• [PROBLEM TO SOLVE] Repeat only these lines, exactly: the first line of the data, the line containing "眼袋,泪沟问题及眼周脂肪较多可考虑眶隔释放手术.", and every line between them. Pictures stay out.

(Captioned web images)
********

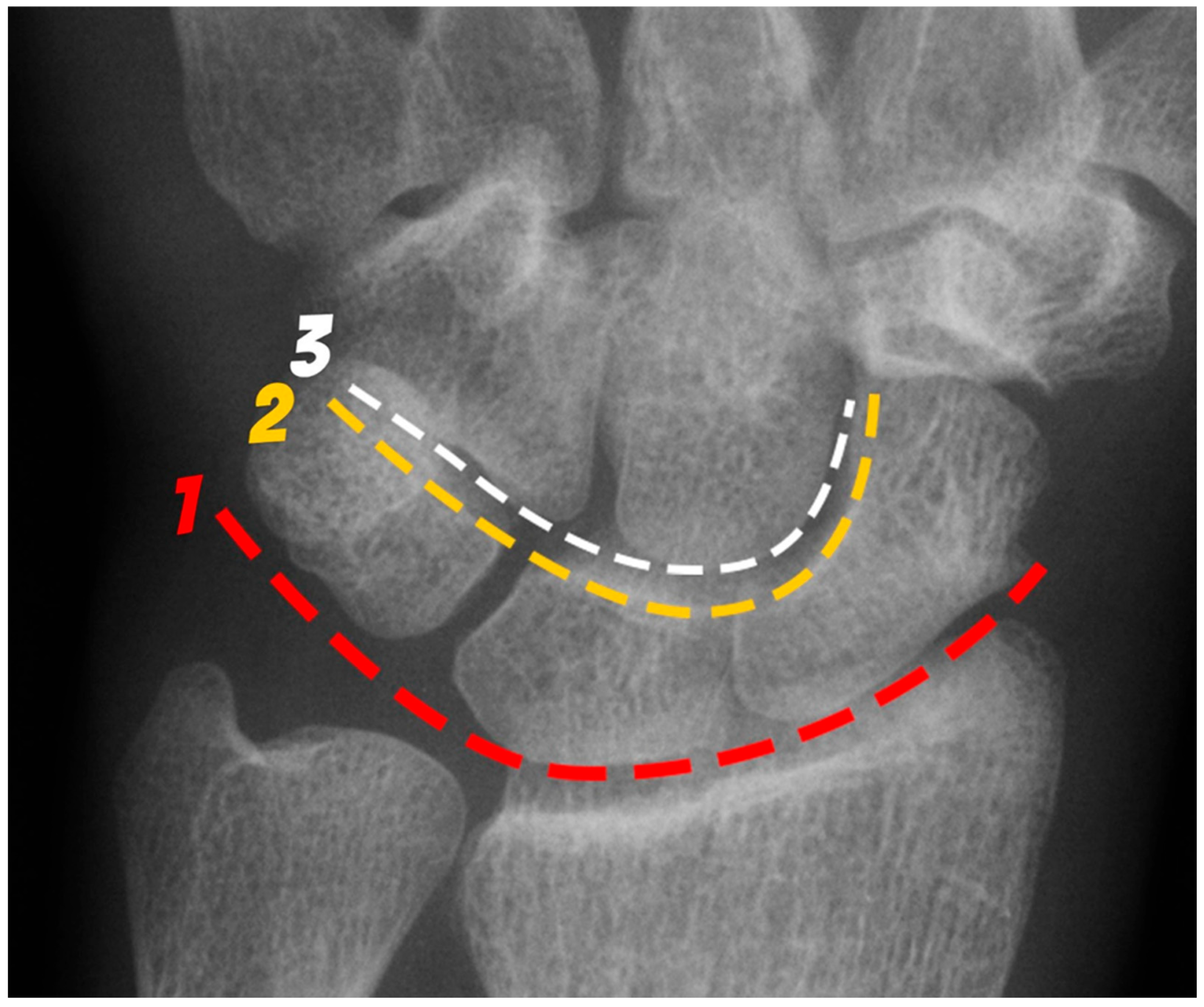 健康・医学 Distal Radius Fractures and Carpal Distal Radius Fractures and Carpal Instabilities: jetzt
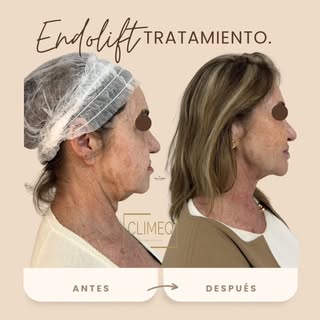 ✨ 2 meses después de Endolift ✨
Sin cirugía. Sin cambios artificiales.

Menos flacidez, más firmeza 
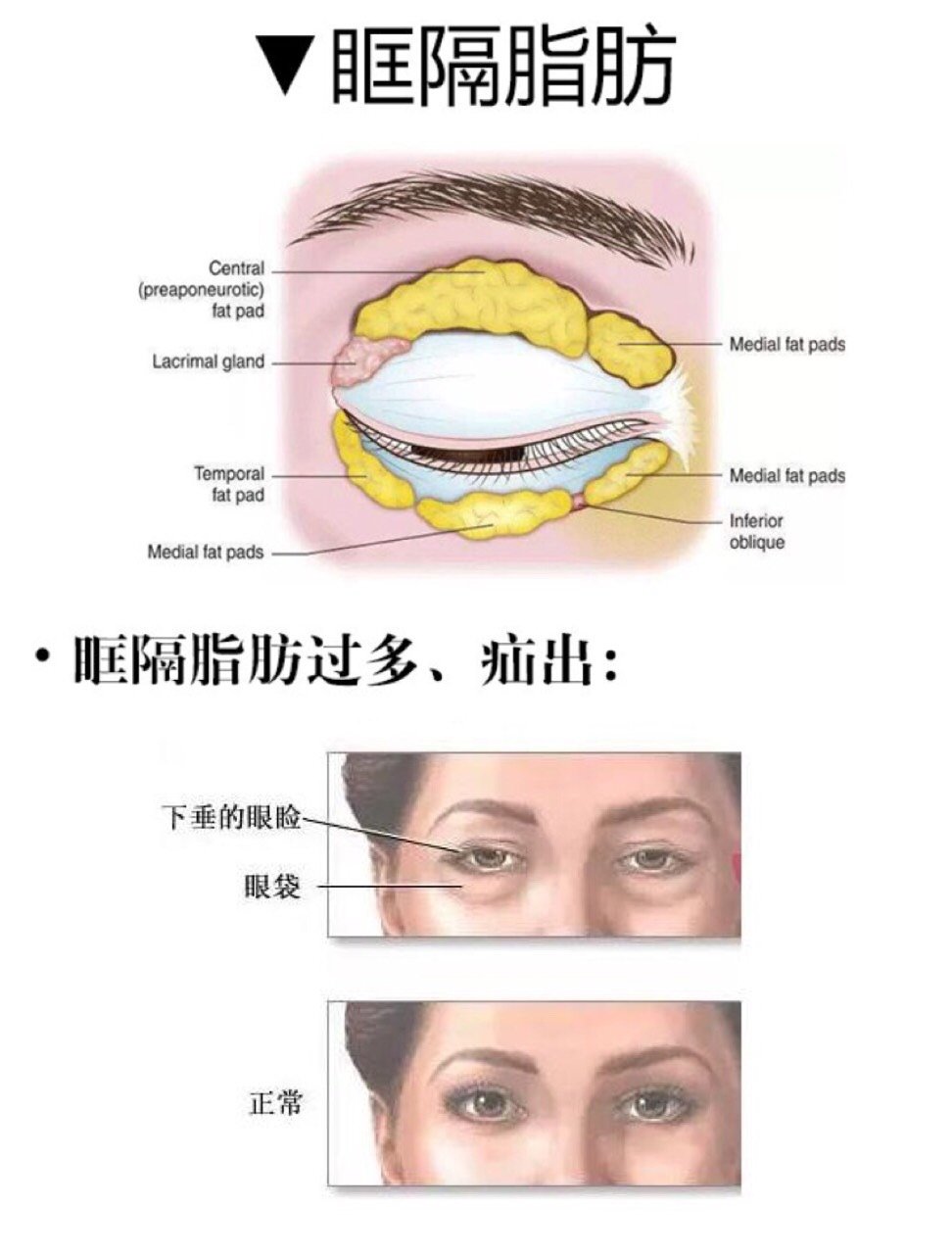 眼袋,泪沟问题及眼周脂肪较多可考虑眶隔释放手术.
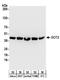 Glutamic-Oxaloacetic Transaminase 2 antibody, A304-356A, Bethyl Labs, Western Blot image 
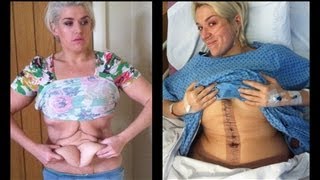 My tummy tuck BEFORE and AFTER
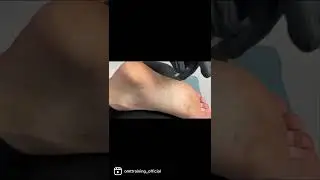 Acupuncture techniques for the foot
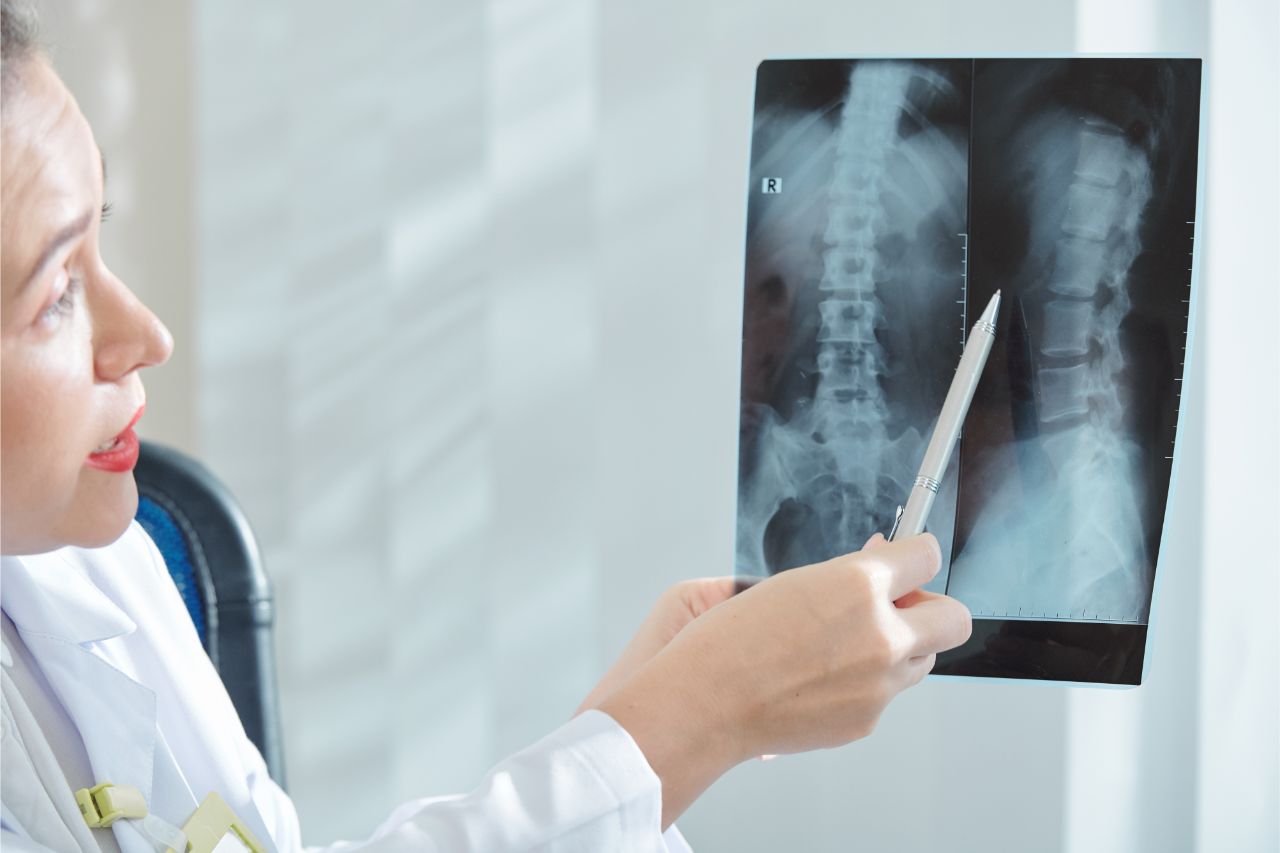 Spine xray and chiropractor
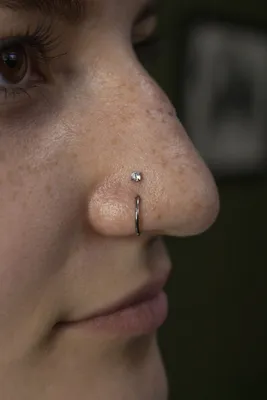 Утонченный нос: хирургическая ринопластика кончика носа
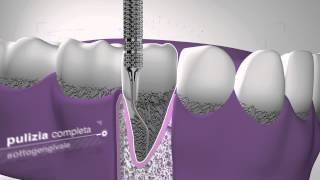 Currettage  Cliniche Dentali Dentix [upl. by Miranda667]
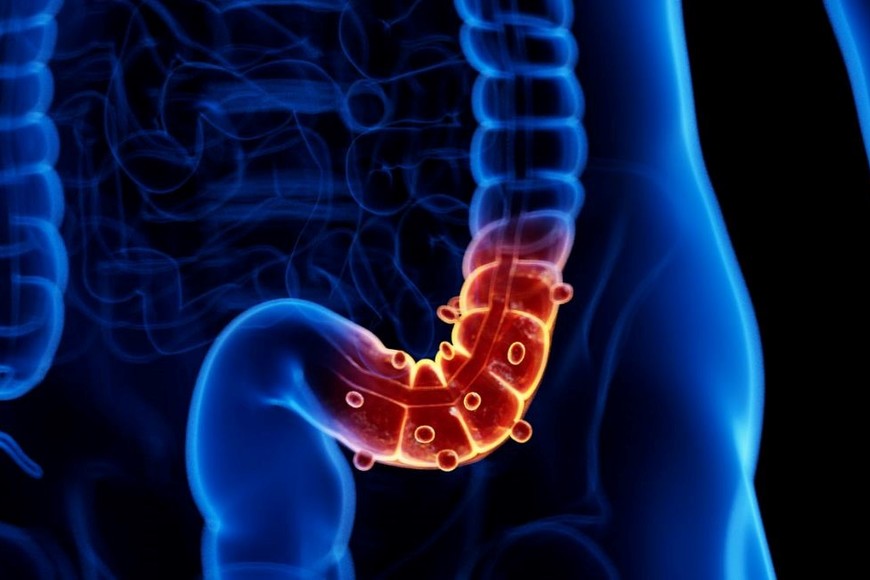 El tratamiento de la diverticulitis aguda varía según la gravedad.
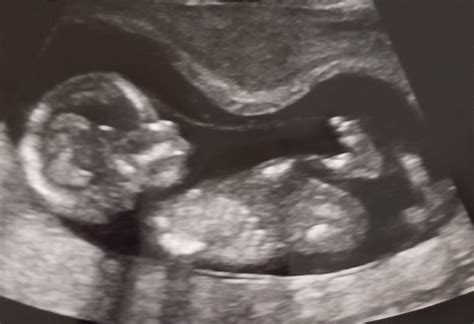 My Ultrasound Baby Smile And Carry On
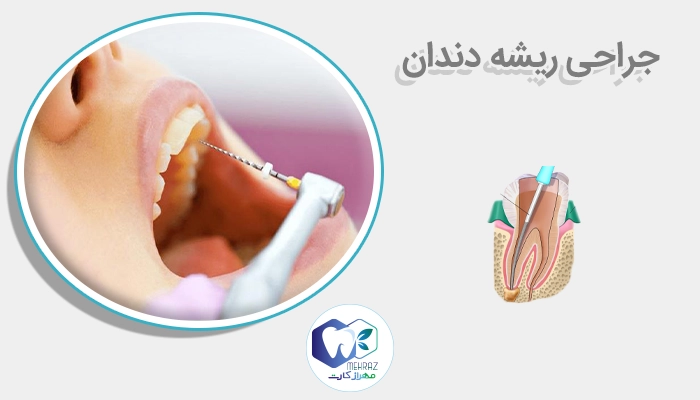 جراحی ریشه دندان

********

• [ANSWER SECTION]
 健康・医学 Distal Radius Fractures and Carpal Distal Radius Fractures and Carpal Instabilities: jetzt
 ✨ 2 meses después de Endolift ✨
Sin cirugía. Sin cambios artificiales.

Menos flacidez, más firmeza 
 眼袋,泪沟问题及眼周脂肪较多可考虑眶隔释放手术.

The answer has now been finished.